Another View: Age of Ultron #10 Part 17

by  in Comic News Comment
Another View: Age of Ultron #10 Part 17

What bugs me about the end of Age of Ultron #10 is that the Beast is with Hank Pym and Tony Stark as they discuss time being ‘broken.’ I mean, there’s the fact that he’s drawn pre-Quitely, which makes no sense at all; but there’s also his action in All-New X-Men. No matter where you place that scene happening, he comes off poor: either he contributed to the problem by bringing the original X-Men into the future or he knew about the problem and still abused time travel. Given his association with the two men (while he’s a member of the Illuminati, he hasn’t associated with the Avengers really since Avengers vs. X-Men; but, he was with the group that rescued Spider-Woman), I’m sticking with my view that this scene takes place shortly after Avengers #12.1 and before Avengers vs. X-Men, meaning he still used time travel after time ‘broke’ because of too much time travel.

Part of the problem with trying to pinpoint events is that Brian Michael Bendis doesn’t always write stories or scenes consistent with other comics, including his own. While his characters argue that time is organic – a living being of some sort – that doesn’t really make sense with the way that he demonstrates that. What he seems to mean is that time is not something that one can affect like changing the channel on the TV. It’s not a switch that has no consequences or won’t react to provocation or abuse. At the same time, it’s not something that continually fluctuates. Yet, sometimes, he treats it like that. It makes sense to a degree given the way that these superhero universes are set up: decades of stories, which, up until the past, what, 20 years (maybe more depending on your view) that stories were really written with a longer view than the next couple of months by and large. These are not histories that were meant to stand the test of time nor were they necessarily concerned with anything outside of the specific story being told.

That latter point, actually, is something that prevalent today. With ‘runs’ and self-contained collections (that can span multiple volumes) more important than ever, a lot of stories are designed to work as a self-contained whole where a good idea trumps what it means in the long term. In a sense, time is in fluctuation, because there are ‘gods’ behind these universes that are constantly moving things around to suit their own needs.

In Age of Ultron #10, Bendis pulls off a retcon: Hank Pym knew that Ultron would turn evil, implanted programming that would allow him to kill the robot at a specific time, and purposefully forgot to ensure that the future’s history happens with as few changes as possible. That’s been the truth of the Marvel Universe since just before Ultron’s creation. It’s a retcon that services one specific story and serves almost no other function. Yet, it also has almost no other impact on the Marvel Universe. It’s actually one of the better retcons that a writer can pull off, because I’m not sure if anyone actually cares about it. I’ve heard a lot of complaints about Age of Ultron #10, but the means of defeating Ultron doesn’t seem to be one ever.
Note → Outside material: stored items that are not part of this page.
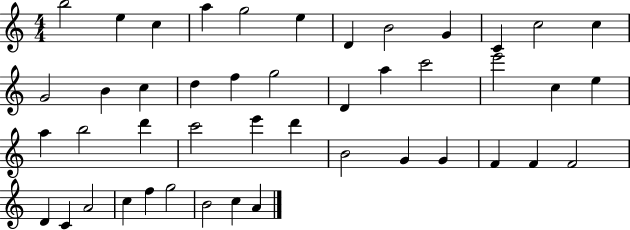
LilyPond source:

{
  \clef treble
  \numericTimeSignature
  \time 4/4
  \key c \major
  b''2 e''4 c''4 | a''4 g''2 e''4 | d'4 b'2 g'4 | c'4 c''2 c''4 | \break g'2 b'4 c''4 | d''4 f''4 g''2 | d'4 a''4 c'''2 | e'''2 c''4 e''4 | \break a''4 b''2 d'''4 | c'''2 e'''4 d'''4 | b'2 g'4 g'4 | f'4 f'4 f'2 | \break d'4 c'4 a'2 | c''4 f''4 g''2 | b'2 c''4 a'4 | \bar "|."
}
Mostly, it’s ‘Superboy punch’ this and ‘What the fuck was that?’ that. Me, I like to find those weird little things that other people seem to not notice, like the Beast clearly understanding that time is not something to be trifled with and still choosing to go back in time and bring the original X-Men to the present. Is that a contradiction? I don’t think so. I think it’s a weird bit of subtle character development that demonstrates even more emphatically how much the events of Avengers vs. X-Men affected Hank McCoy. But, that’s the point I’ve been dancing around: one person’s contradiction is another person’s character development. If you like it, any crime against continuity can be ignored. The only time anyone complains about this sort of thing conceptually is when they don’t like the execution. Of course continuity is meant to be tweaked and changed and ignored when necessary and adhered to when convenient… and no one cares unless they just don’t like the story. It all counts; none of it counts; all that matters is enjoying the story. The rest is bullshit.